Um pouco abaixo, já no largo Eduardo Lapa, a artesã Elisabete Alexandre acredita que o aumento do número de tendas, e até mesmo de feiras medievais, não é necessariamente negativo. «Têm movimentado muita gente e penso que não vão deixar de ter interesse, porque têm este lado diferente e começa a ser um hábito para todos virem até cá», considera. Na sua banca, costuma vender sabonetes artesanais, criados a partir de azeite, a lembrar o modo como eram feitos antigamente. «Os meus artigos têm chamado a atenção tanto de jovens, por causa da ecologia, como dos mais velhos, que se lembram de como os antepassados faziam os sabonetes, com borras de azeite», explica. Ainda no mesmo largo, encontram-se barraquinhas que promovem produtos regionais e estabelecimentos típicos da cidade. Carla Pires vende a ginjinha da tasca “O Castiço” e participa porque entende que «a feira é uma mais-valia para Trancoso e ajuda a que pessoas de fora conheçam melhor a região, a gastronomia e os artigos mais típicos».

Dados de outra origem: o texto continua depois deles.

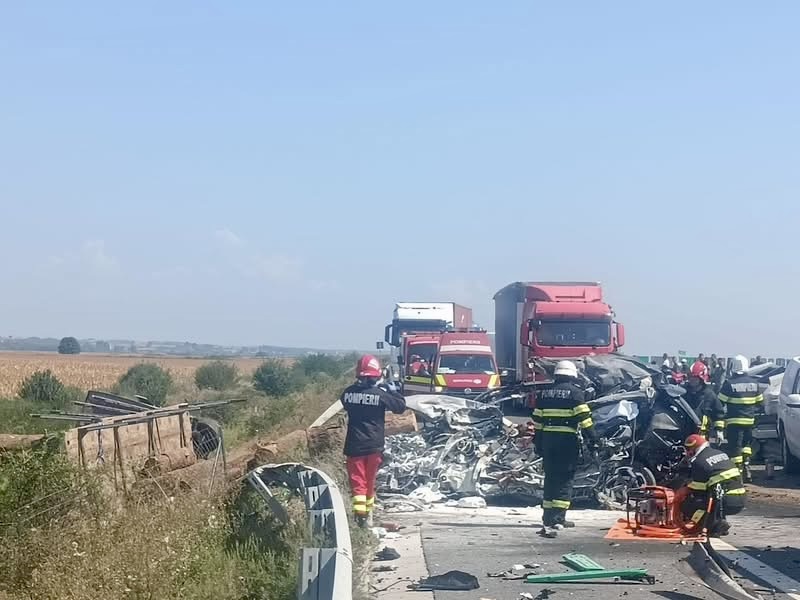 Accident pe Autostrada A1, spre Pitești. Trafic deviat după impactul dintre două mașini și un TIR
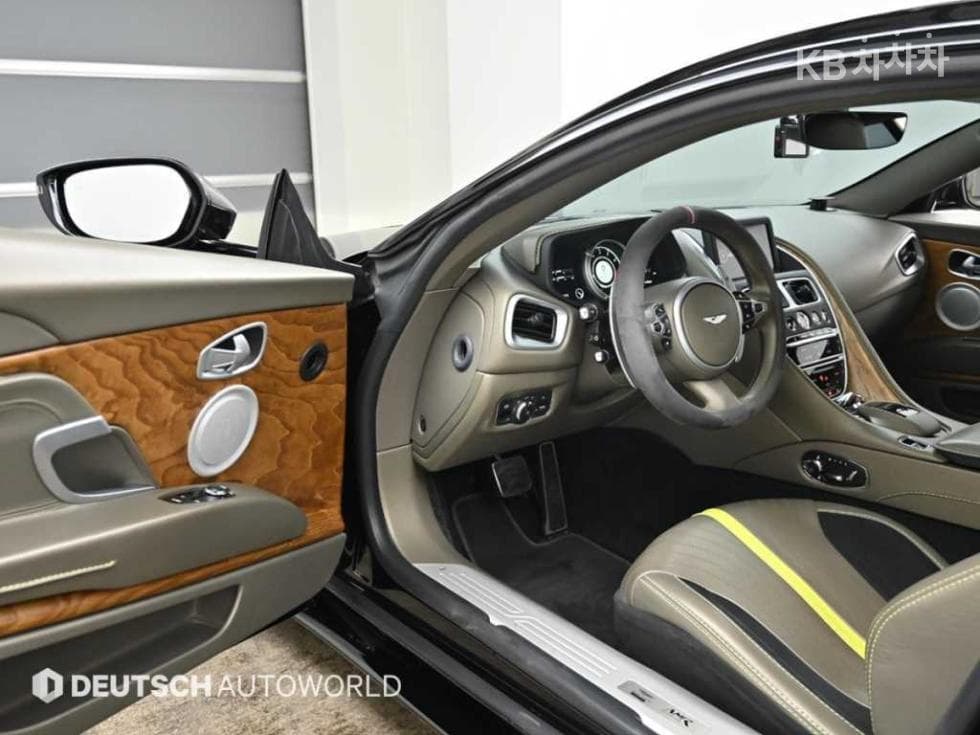 애스턴마틴 DB115.2 V12 Купе AMR - 11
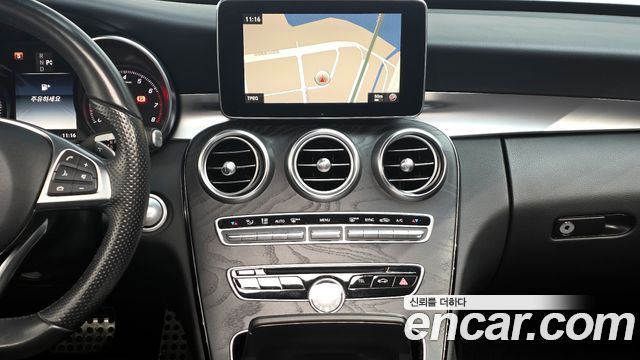Mercedes-Benz C-Class C200 AMG Line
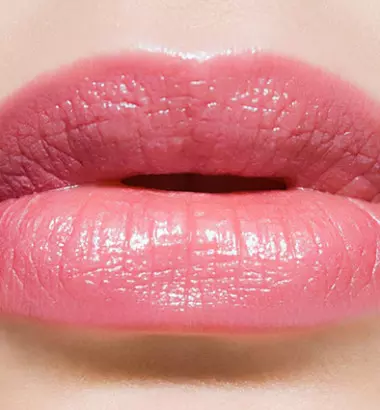7 Cách làm môi hồng tự nhiên căng mọng, mềm mịn, hấp dẫn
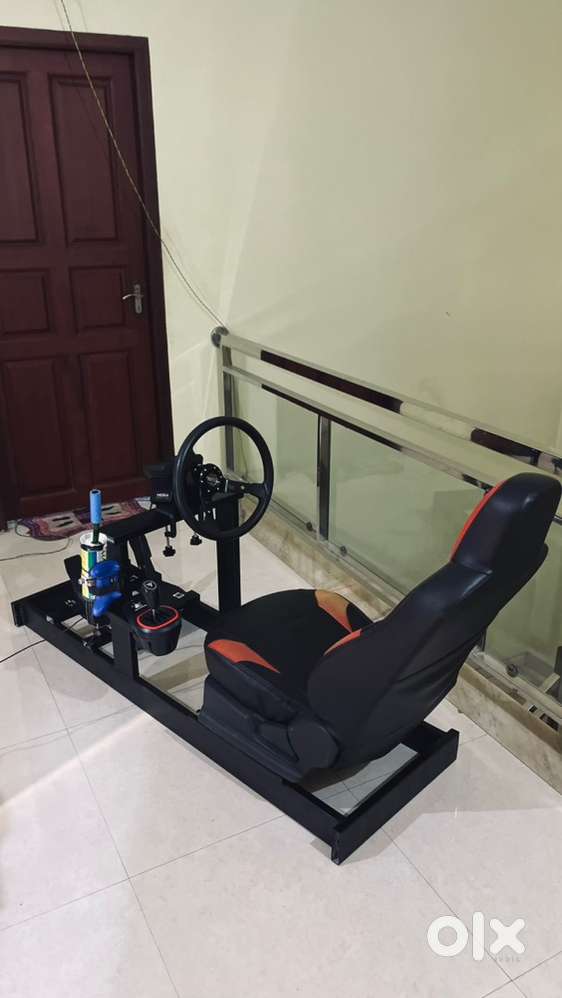Custom build Sim Racing COCKPIT with seat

Na Rua da Corredoura, junto às portas d’El Rey, muitos comerciantes decidiram abrir os seus negócios na esperança de que o mercado lhes trouxesse também um aumento do número de clientes. Durante a tarde de sábado, debaixo de um calor abrasador, a afluência às lojas não foi grande. Mas, na opinião de Sofia Garcia, proprietária de uma pequena mercearia, o evento acaba por ter «alguma influência» no negócio. «Nos dias normais só tenho a loja aberta durante a manhã, mas nestes dias do mercado medieval, acabo por abrir também de tarde para ver se sempre tenho mais clientes», explica. Há vários anos a assistir ao evento, não tem dúvidas em afirmar que ao longo dos tempos a feira «tem melhorado». «Não sei se é da divulgação, mas tem mais gente e mais atividades», considera. Além do mercado medieval, ao longo dos dois dias, o público pôde assistir, no sábado, a jogos de destreza e ao cortejo de recebimento da Infanta Isabel de Aragão e, já no domingo, às bodas reais.